Ever’s identity development is another key thematic focal point within Calling for a Blanket Dance. Readers watch his character develop a strong sense of self against the backdrop of generational trauma and violence that he inherits from his father. In spite of Ever’s early childhood difficulties, his character in particular emerges as an embodiment of strength and resilience, and this happens in part because of the way that he develops a sense of individual, familial, and cultural identity.
During his adolescence, Ever still shows signs of being mired in the traumas of his childhood. He is given to violent outbursts, struggles in school and in his personal relationships, and engages in substance misuse that is common in both his family and his community. His first real act of positive self-identification is joining the military, and although it is pointed out to him that the United States military has not always been friendly to Indigenous peoples, Ever sees his service as an extension of Kiowa warrior traditions, as a nod to the Kiowa men who fought in World War II, and as source of stability and healthy habits. He also eschews the idea that states and governments dictate the lives of Indigenous people, and in embracing the military he also embraces agency and self-determination: No one (and no system) is in charge of Ever except for Ever himself.
In addition to Ever’s military service, Ever comes increasingly to build a sense of identity rooted in Indigenous culture. In this way, he maintains the connections first forged by grandparents Lena and Victor.
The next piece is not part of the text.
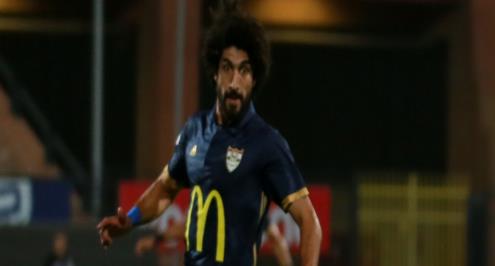 فادي نجاح يعلن احترافه في الدوري النمساوي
Through working at powwows, but more importantly through participating in the Gourd Dance and by teaching his children about their Kiowa heritage, Ever roots himself into an Indigenous community with traditions going back thousands of years. Here, too, the narrative shares an intertextual moment with texts like N. Scott Momaday’s House Made of Dawn, for the development of cultural identity is an important piece of that era’s motifs and themes.
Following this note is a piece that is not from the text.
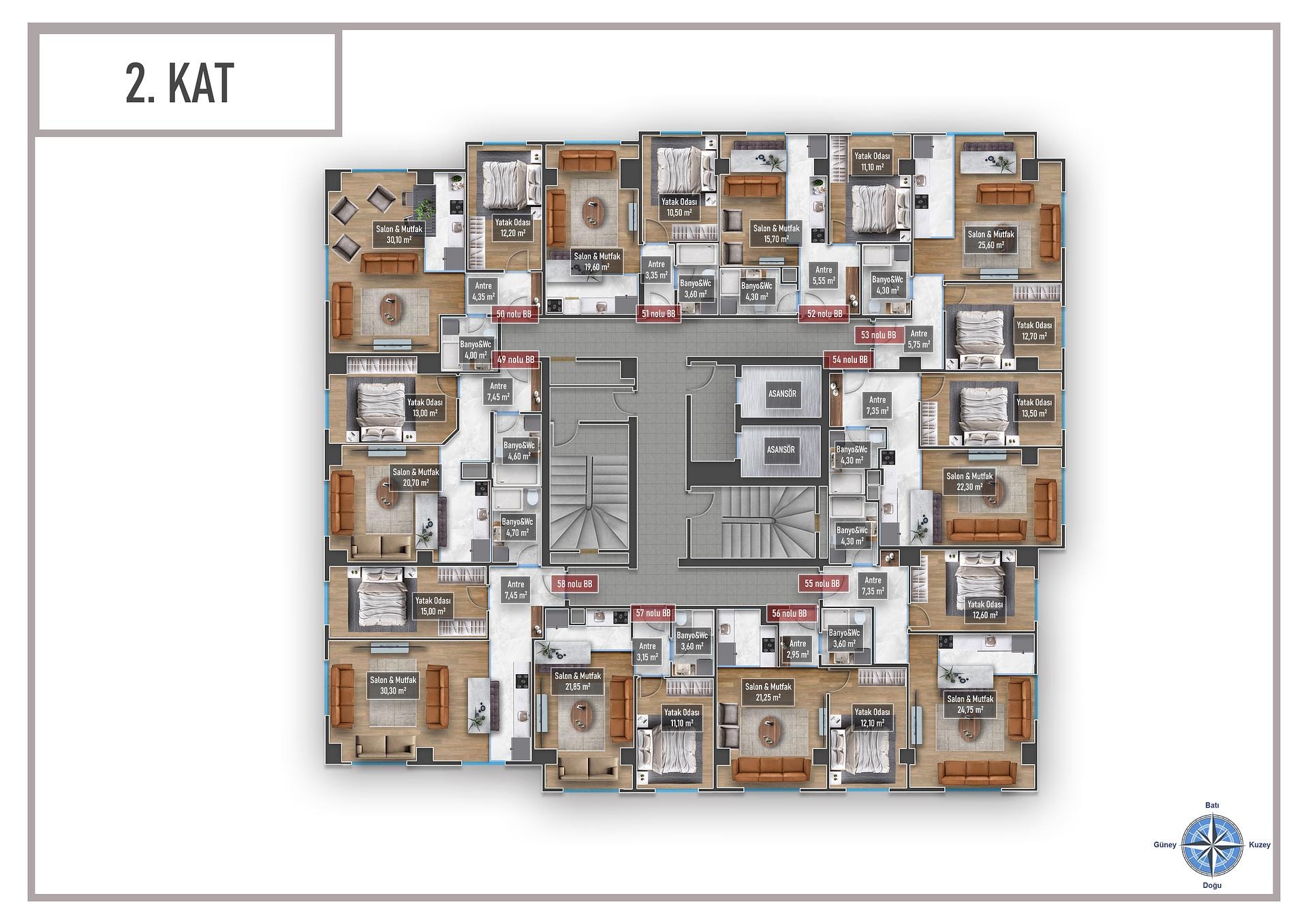 Floor Plan Image 2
In addition to the importance of Indigenous tradition and ceremony to Ever’s identity development, he also finds a greater sense of self through the work that he does with at-risk youth. He helps young men like Leander find alternatives to their unhealthy and ultimately re-traumatizing behavioral patterns and comes to see himself as a strong mentor. Although his first mentorship role is eliminated after the organization he works for loses funding, Ever ultimately finds a job working with young, Indigenous children in need that has a good salary and benefits. This job enables him to help maintain his household after purchasing his own Cherokee home. His interest in helping at-risk young people, and the extent to which that role comes to be central to his identity, also helps Ever find and maintain stability.
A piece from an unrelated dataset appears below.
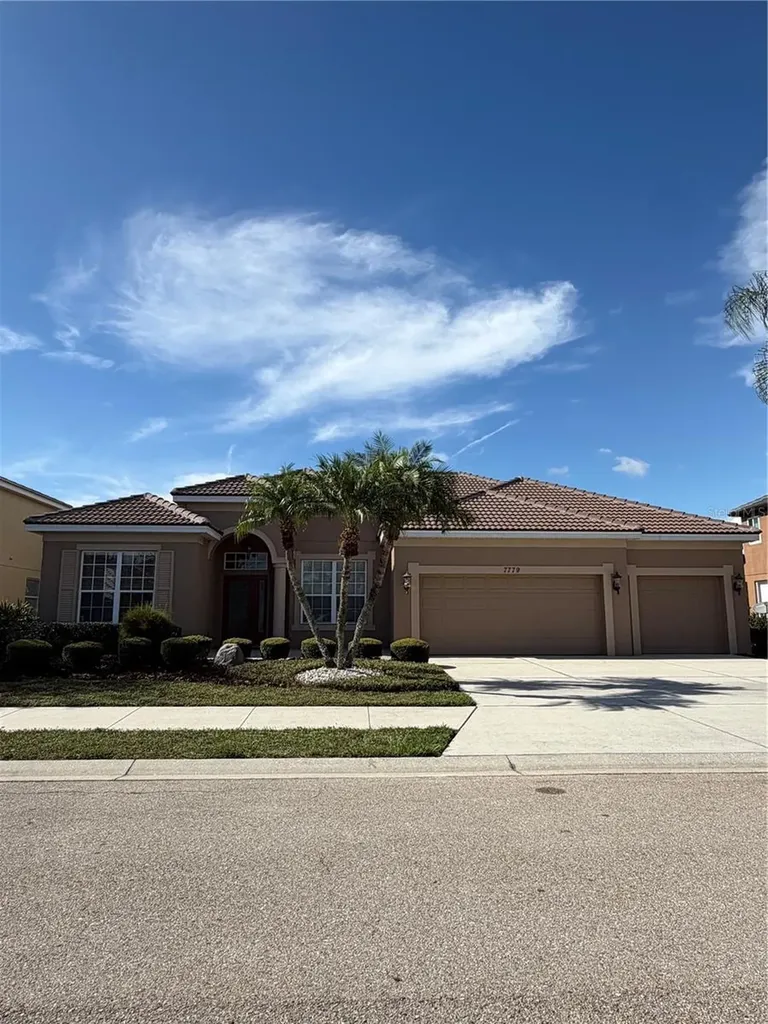 7779 Arolla Pine Boulevard Sarasota FL 34240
Ever will also understand himself as a devoted and caring father. This trait stems from both his mother Turtle and grandmother Lena, but there is a sense in which Ever rises to the challenges of parenting because of his wife’s inability to do so, and because he understands the signs of early trauma in his own children. Ever works tirelessly to support them, teaches them both coping mechanisms to help control their anger and how to see themselves as part of a long tradition of Kiowa and Cherokee people, and gives them the love that he never saw from his father and that his children never experienced with their mother. Ultimately, in spite of his early, traumatic experiences, Ever’s identity is built from strong family bonds, resilience, and a dedication to helping his community.